TJX Settlement. More Proof That Security Investment Is Really Hard To Justify
Written by Evan SchumanNot that it was needed, but more proof materialized this month that substantial security investments are really hard to justify. TJX announced Sept. 2 what will likely be the last of the settlements of class action lawsuits against it from the data breach of its systems that began in 2005 and which impacted more than 100 million payment cards.
Given the absence of an ROI argument for security investments—after all, no one is truly going to argue that it could boost revenue or profits—the only reason to make such an investment is risk avoidance. But the way criminal and civil laws are created in the U.S., the risks are quite minimal for the large retail chains.
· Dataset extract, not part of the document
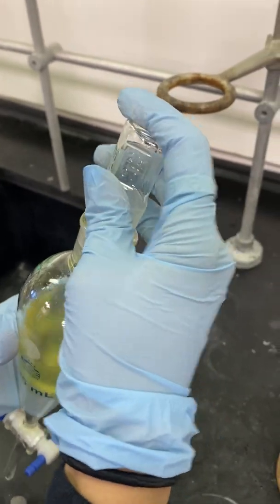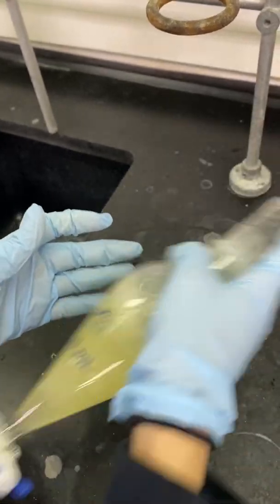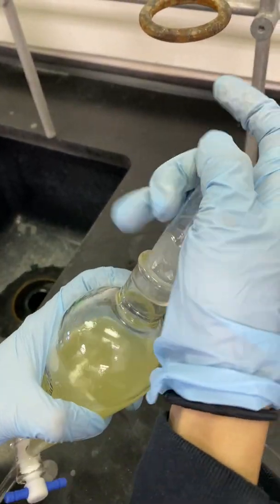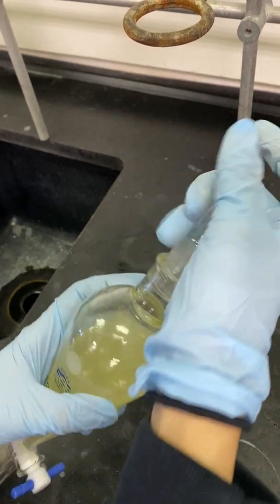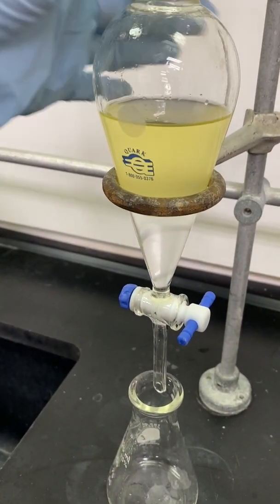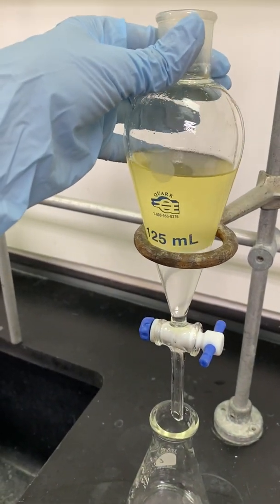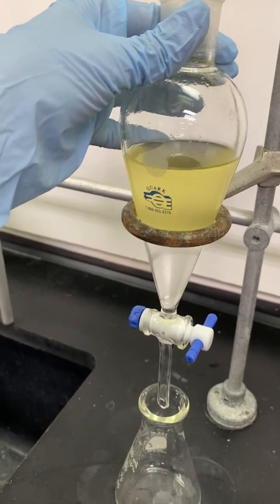Once I have dissolved all of my product in ethyl acetate and transferred it to the separatory funnel, I will now begin to shake and vent the separatory funnel for a total of three times before draining the aqueous layer into a 125 milliliter Erlenmeyer flask.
There are no federal, state, county or municipal criminal laws requiring companies to protect personal or payment card data properly. That means that, even if it’s established that a retailer did act recklessly with such data—and the evidence introduced at trial against TJX certainly made a good faith effort at establishing just that—no charges can be made against that chain.
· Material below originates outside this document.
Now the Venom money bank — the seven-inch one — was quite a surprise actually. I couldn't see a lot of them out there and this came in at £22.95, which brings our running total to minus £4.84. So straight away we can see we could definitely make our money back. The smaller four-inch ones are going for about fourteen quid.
That leaves civil courts. But civil courts are fundamentally focused on making someone financially whole. Thanks to zero liability programs from the card brands and many key issuing banks, consumers are generally unable to prove any material financial losses. That pretty much killed the consumer class-action lawsuit.
The only thing left was for the bankers themselves to sue. TJX made an excellent defense, namely that the bankers themselves chose to reissue their cards. Had they simply trusted card brand guidance and done nothing, they would have sustained few if any losses. TJX settled with almost all of the banks late December 2007.
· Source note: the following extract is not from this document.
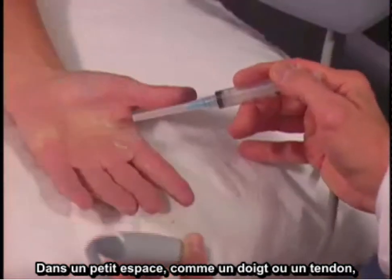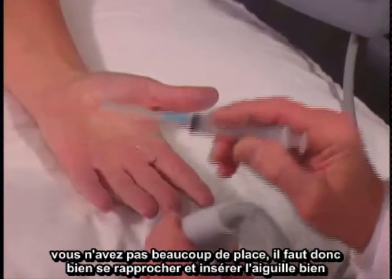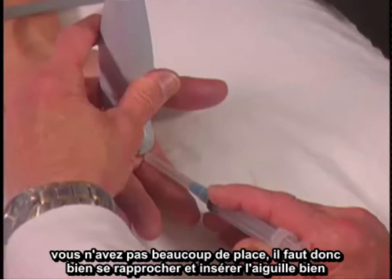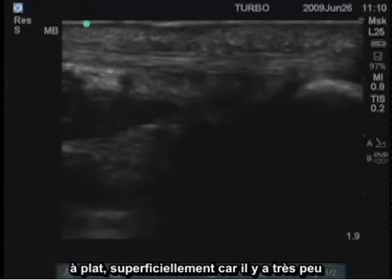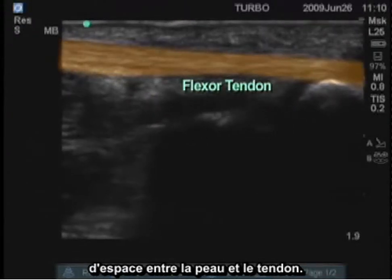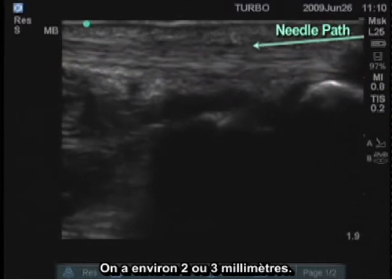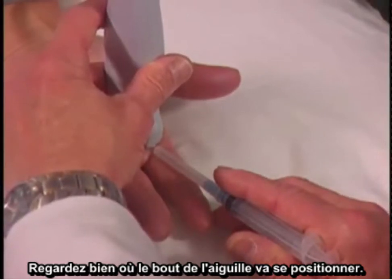In a small area like a finger or a tendon around here, you don't have a lot of space, so you have to go very close, and can insert the needle very flat and superficially because there's very little space between the skin surface and the tendon — here it's probably about two or three millimeters. Watch exactly where the tip of the needle and the bevel goes.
Last Wednesday (Sept. 2), TJX struck quite a bargain and settled with the handful of remaining banks. In settling all charges with four different financial institutions—AmeriFirst Bank, HarborOne Credit Union, SELCO Community Credit Union and Trustco Bank—TJX agreed to pay $525,000 to be split between the four businesses.
Was that punitive or was that something closer to a nuisance payment for the $19 billion retail chain, operating under the brands of Marshalls, T.J. Maxx, HomeGoods, A.J. Wright, Winners, Stylesense and T.K. Maxx? (It sold Bob’s Stores to private investors last year.)